DATA LISTING
__________
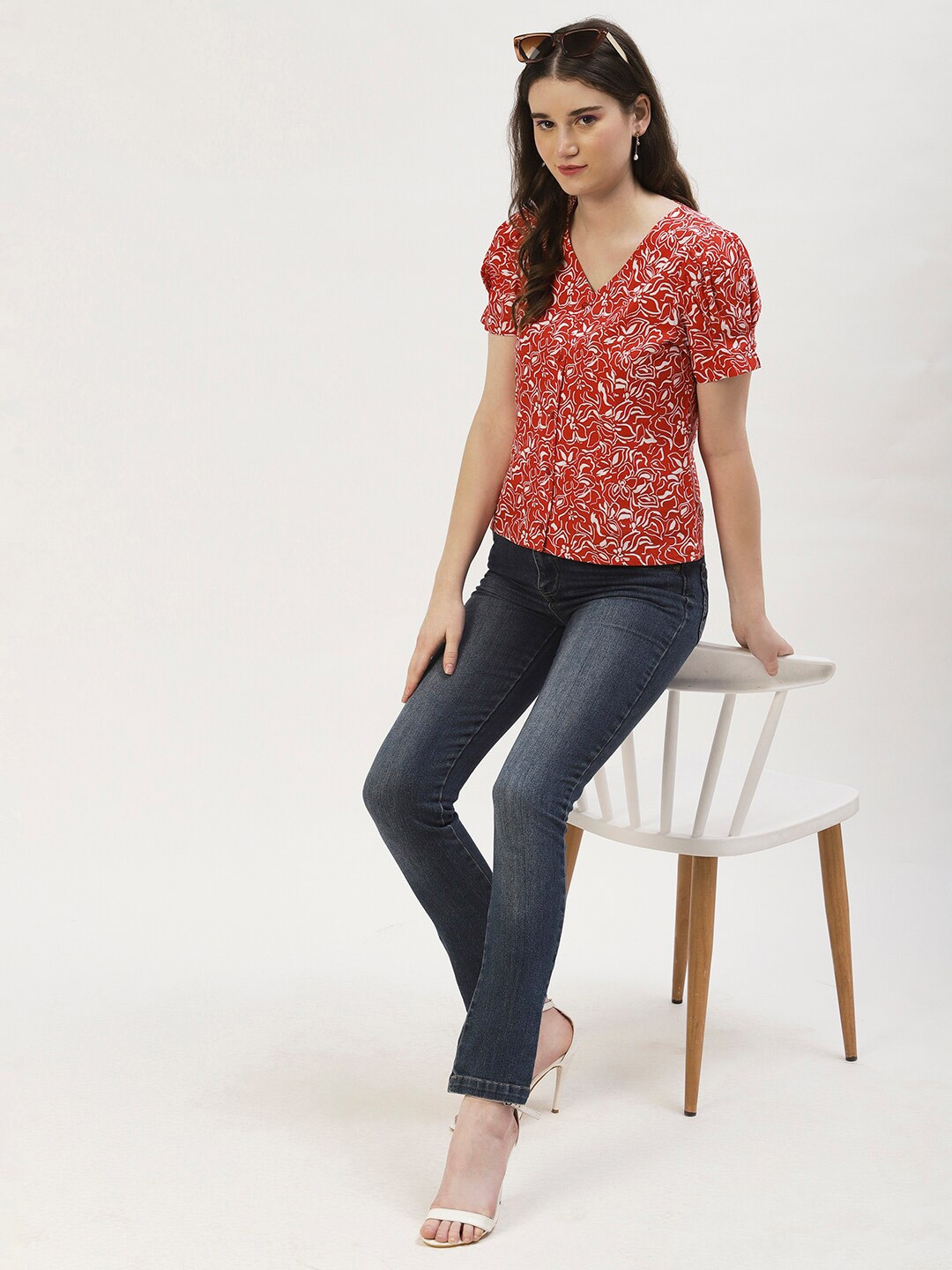 

DressBerry Abstract Print Top, Red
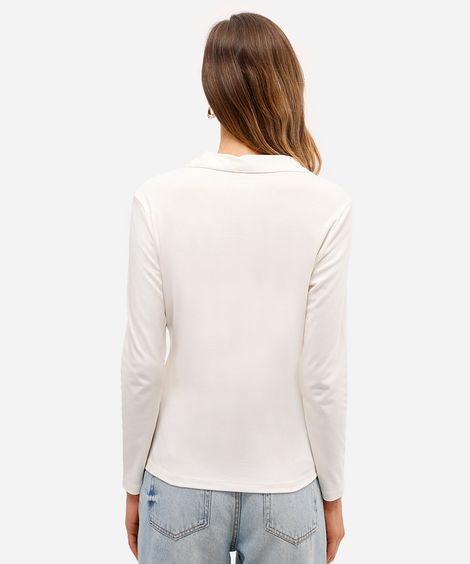 polo básica feminina de algodão peruano decote v off white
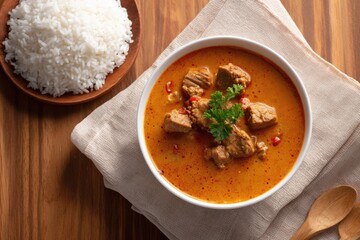 Peanut Soup and White Rice Traditional West African Meal
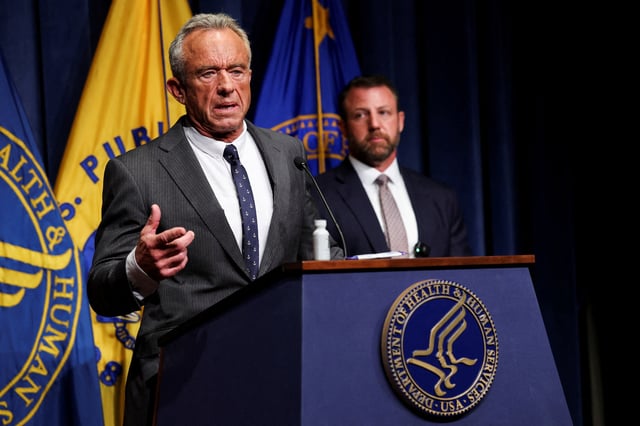 U.S. Health and Human Services (HHS) Secretary Robert F. Kennedy, Jr., speaks during a press conference as new actions on the opioid 7-OH compound are announced, at the Department of Health and Human Services in Washington, D.C., July 29, 2025. REUTERS/Jonathan Ernst/File Photo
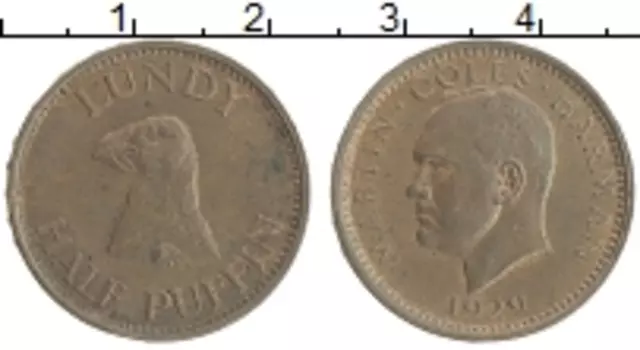 Монета 1/2 паффин Ланди 1929 года Бронза Мартин Колс Харман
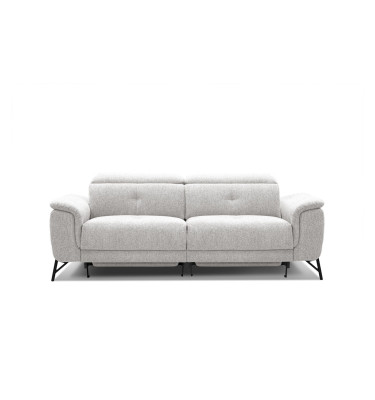AVENA Sofa 3-Sitzer mit 2 Relaxfunktionen und verstellbare Kopfstützen, creme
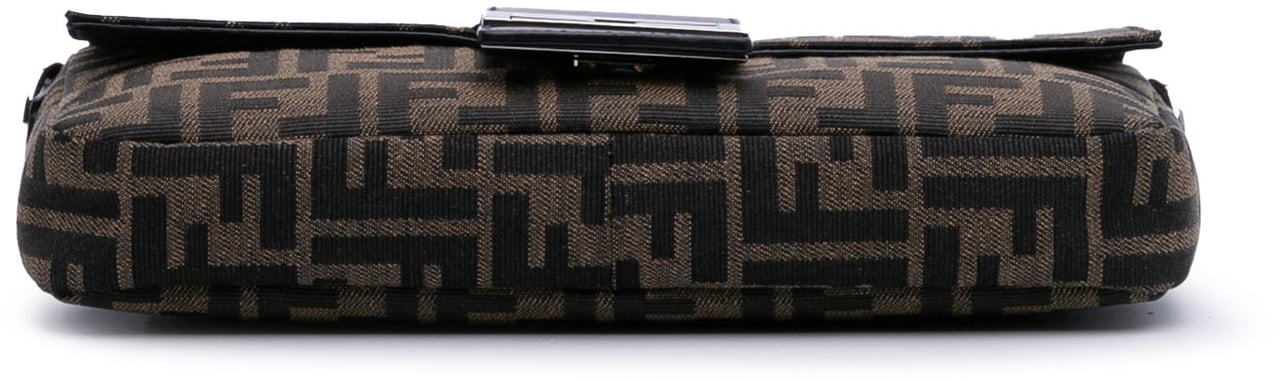 Fendi Zucca Canvas Convertible Baguette Satchel Bruin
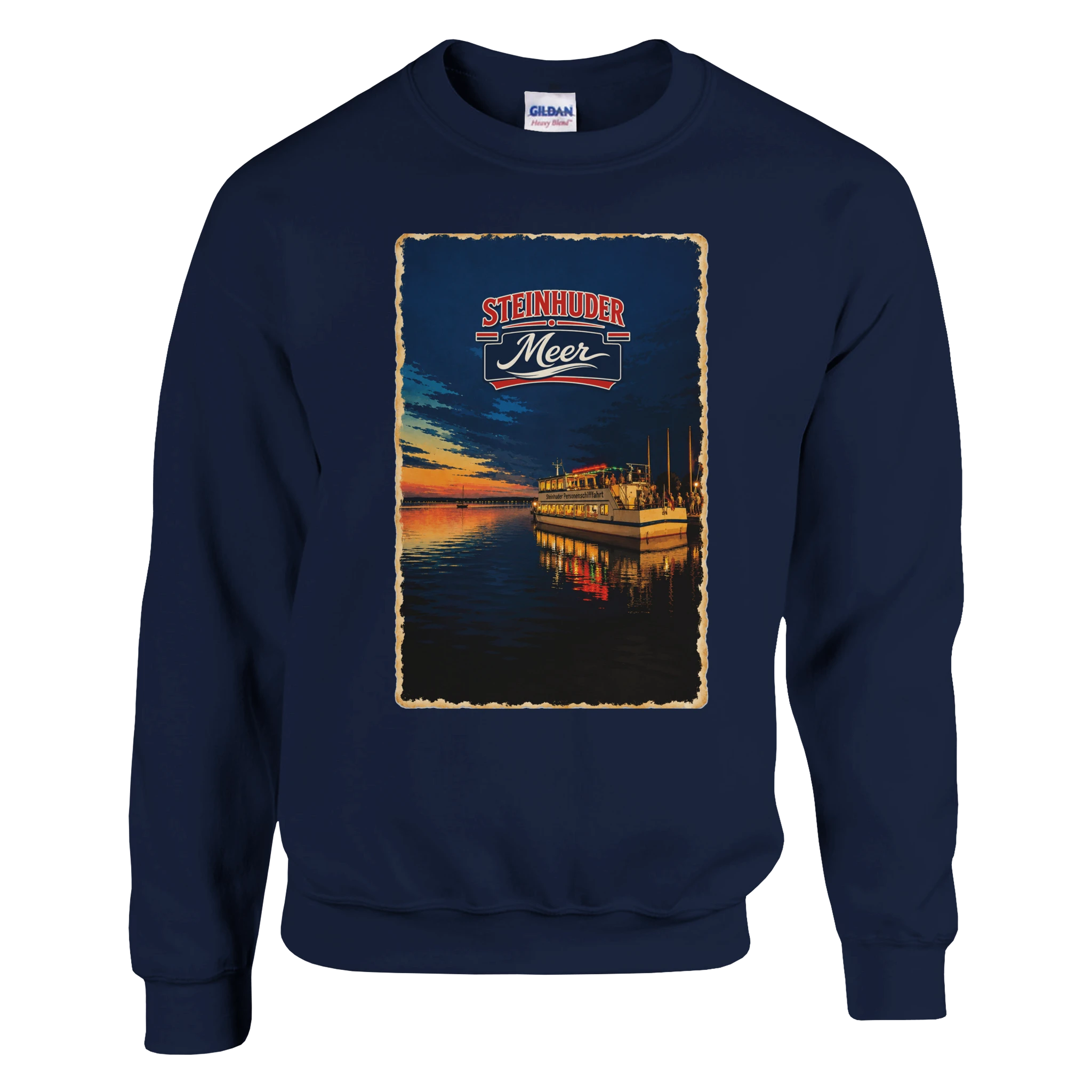 Pullover in Weiß mit Motiv „MS Steinhude Abendstimmung“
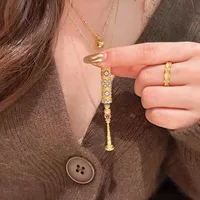Geometric Vintage Style Copper Pendant Necklace Plating Lobster Trigger Clasp Closure sku image 1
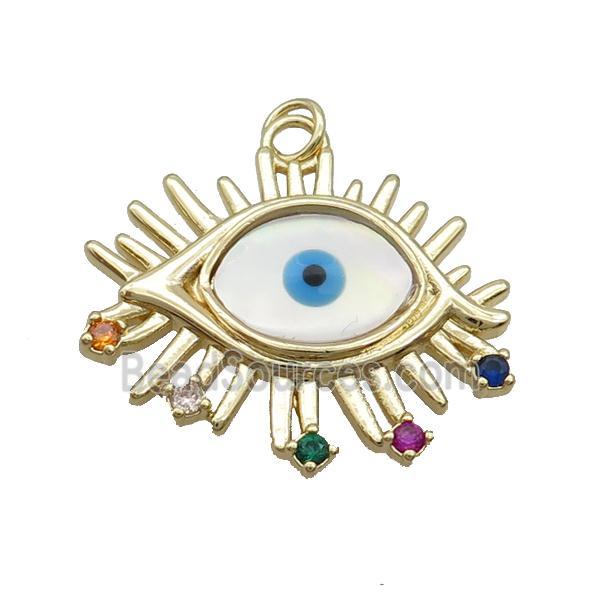 Copper Eye Pendant Pave Shell Evil Eye Gold Plated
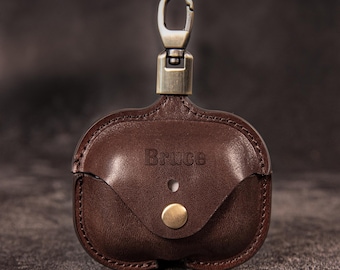 Vintage AirPods Pro 3 Case, Crazy Horse Leather Earbud Protector, Gift for Him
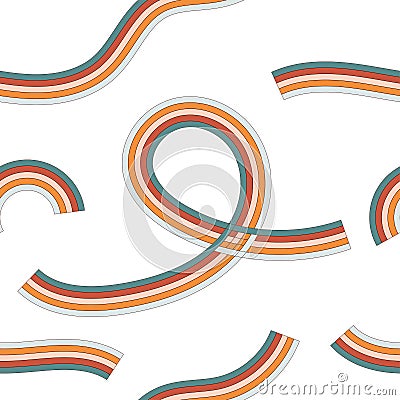 Retro 70s 60s hippie groovy rainbow vector seamless pattern Vector Illustration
__________
WORK TO COMPLETE
Without the pictures, write out the whole listing exactly as it appears.

REPLY TO THE TASK
DressBerry Abstract Print Top, Red
 polo básica feminina de algodão peruano decote v off white
 Peanut Soup and White Rice Traditional West African Meal
 U.S. Health and Human Services (HHS) Secretary Robert F. Kennedy, Jr., speaks during a press conference as new actions on the opioid 7-OH compound are announced, at the Department of Health and Human Services in Washington, D.C., July 29, 2025. REUTERS/Jonathan Ernst/File Photo
 Монета 1/2 паффин Ланди 1929 года Бронза Мартин Колс Харман
AVENA Sofa 3-Sitzer mit 2 Relaxfunktionen und verstellbare Kopfstützen, creme
 Fendi Zucca Canvas Convertible Baguette Satchel Bruin
 Pullover in Weiß mit Motiv „MS Steinhude Abendstimmung“
Geometric Vintage Style Copper Pendant Necklace Plating Lobster Trigger Clasp Closure sku image 1
 Copper Eye Pendant Pave Shell Evil Eye Gold Plated
 Vintage AirPods Pro 3 Case, Crazy Horse Leather Earbud Protector, Gift for Him
 Retro 70s 60s hippie groovy rainbow vector seamless pattern Vector Illustration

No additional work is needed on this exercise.